News Archive (2019-20 and older)

Lady Trappers' Nine Returners Have High Hopes For Upcoming Year

Although the Northwest College women finished 15-17 last season, they finished with some of their best basketball of the season.

And the players returning – a crowd of nine – feel like grown-ups who have seen it all now.

“I think it will help us start out stronger,” forward Kira Marlow said. “I think we have high expectations.”

Coach Janis Beal does. It is fairly rare in a two-year program to have so many experienced players back together.

“I think they saw a glimpse of what they can be,” Beal said.

The Lady Trappers return their top five scorers in Marlow, 10 points a game, Dallas Petties, 9.2, Dani McManamen, 7.8, Julynne Silva, 6.9, and Domenica Gomes, 6.1.

Mattie Creager, Alexi Payne and Charri McArthur also saw substantial playing time.

Northwest upset Casper in the playoffs last March and played champ Western Nebraska very tough. It was as if all the mistakes in ball handling conveniently evaporated at the same time.

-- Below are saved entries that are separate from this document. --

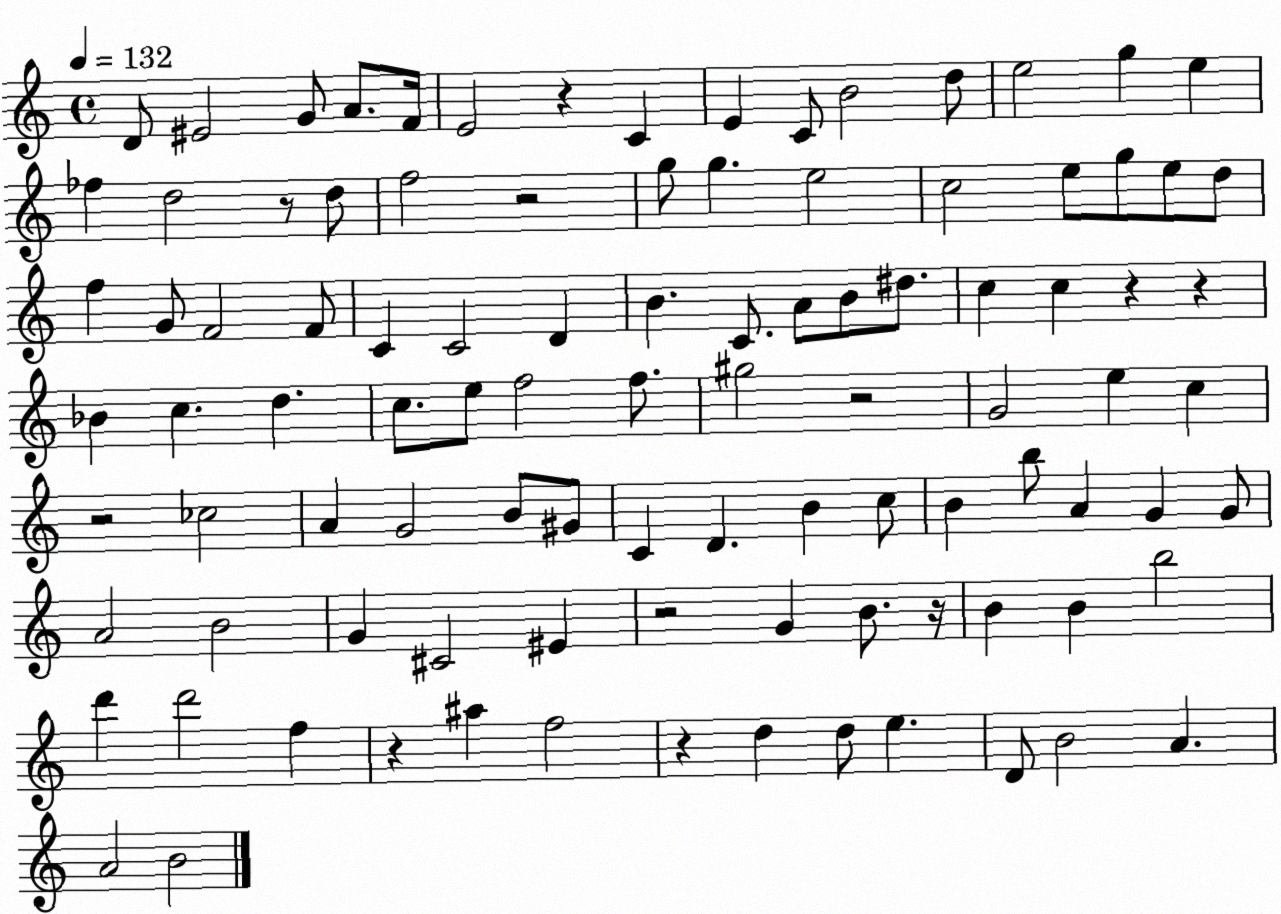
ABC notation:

X:1
T:Untitled
M:4/4
L:1/4
K:C
D/2 ^E2 G/2 A/2 F/4 E2 z C E C/2 B2 d/2 e2 g e _f d2 z/2 d/2 f2 z2 g/2 g e2 c2 e/2 g/2 e/2 d/2 f G/2 F2 F/2 C C2 D B C/2 A/2 B/2 ^d/2 c c z z _B c d c/2 e/2 f2 f/2 ^g2 z2 G2 e c z2 _c2 A G2 B/2 ^G/2 C D B c/2 B b/2 A G G/2 A2 B2 G ^C2 ^E z2 G B/2 z/4 B B b2 d' d'2 f z ^a f2 z d d/2 e D/2 B2 A A2 B2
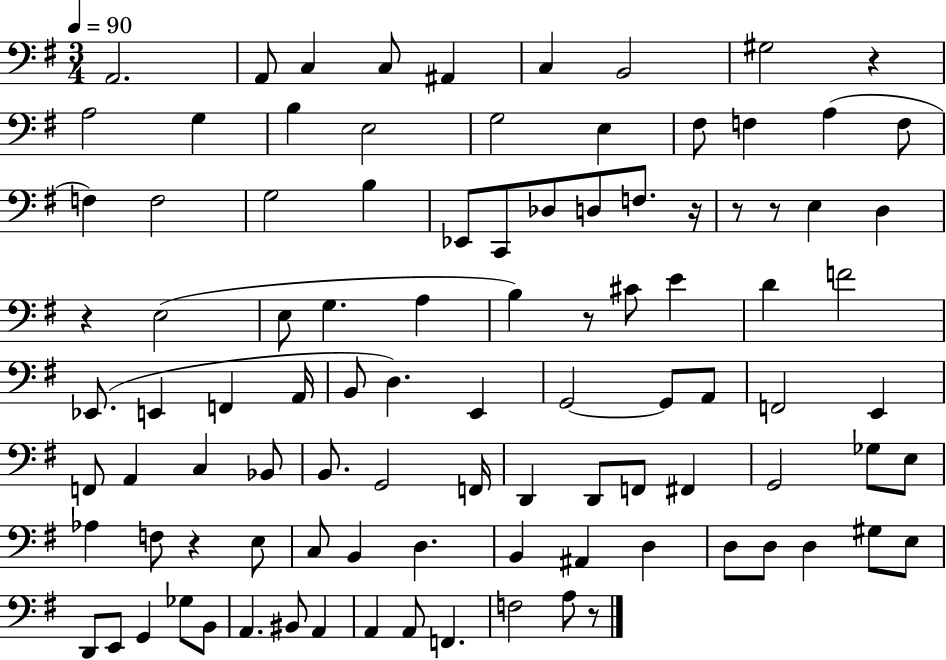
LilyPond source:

{
  \clef bass
  \numericTimeSignature
  \time 3/4
  \key g \major
  \tempo 4 = 90
  \repeat volta 2 { a,2. | a,8 c4 c8 ais,4 | c4 b,2 | gis2 r4 | \break a2 g4 | b4 e2 | g2 e4 | fis8 f4 a4( f8 | \break f4) f2 | g2 b4 | ees,8 c,8 des8 d8 f8. r16 | r8 r8 e4 d4 | \break r4 e2( | e8 g4. a4 | b4) r8 cis'8 e'4 | d'4 f'2 | \break ees,8.( e,4 f,4 a,16 | b,8 d4.) e,4 | g,2~~ g,8 a,8 | f,2 e,4 | \break f,8 a,4 c4 bes,8 | b,8. g,2 f,16 | d,4 d,8 f,8 fis,4 | g,2 ges8 e8 | \break aes4 f8 r4 e8 | c8 b,4 d4. | b,4 ais,4 d4 | d8 d8 d4 gis8 e8 | \break d,8 e,8 g,4 ges8 b,8 | a,4. bis,8 a,4 | a,4 a,8 f,4. | f2 a8 r8 | \break } \bar "|."
}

“We can build on how we finished the year,” Beal said.

Marlow said in pre-season practice the returning players have often harkened back to their excellent game against Casper as a kind of rallying cry.

“We refer back to it all the time,” she said. “It’s addictive that winning feeling. We really want to take regionals.”

There is no underestimating the value of being teammates for an entire season, McManamen said.

“We all got to know one another last year,” she said. “We can get going faster. In a way we have gone through everything.”

Silva, a 6-foot-4 center, and Gomes, a guard, are from Brazil. Silva believes the team will be much more effective on offense with a season’s worth of learning Beal’s plays.

“We know how it is,” Silva said.

That includes winter weather in Wyoming compared to her home. Silva’s mother is frightened by the sight of snow near her daughter. Silva didn’t love it, but she endured it.

“I was complaining all winter,” she said. “My mother kept saying, ‘You can go home at any time.’”

Silva is still in Powell instead of staying in Barcarena.

Gomes, 21, said there was not really anywhere easy for her to work out in Sao Paulo as a woman’s player during time off from school, so over the summer she practiced with a men’s team for a month.

Gomes, who is the playmaker, believes the Trappers will be more together, feed off their playing experience, and display growth in their individual and team games.”

“I know what I need to do,” she said. “I know what I have to give to my teammates. If we play ‘Not just me, but we,’ we can beat anybody.”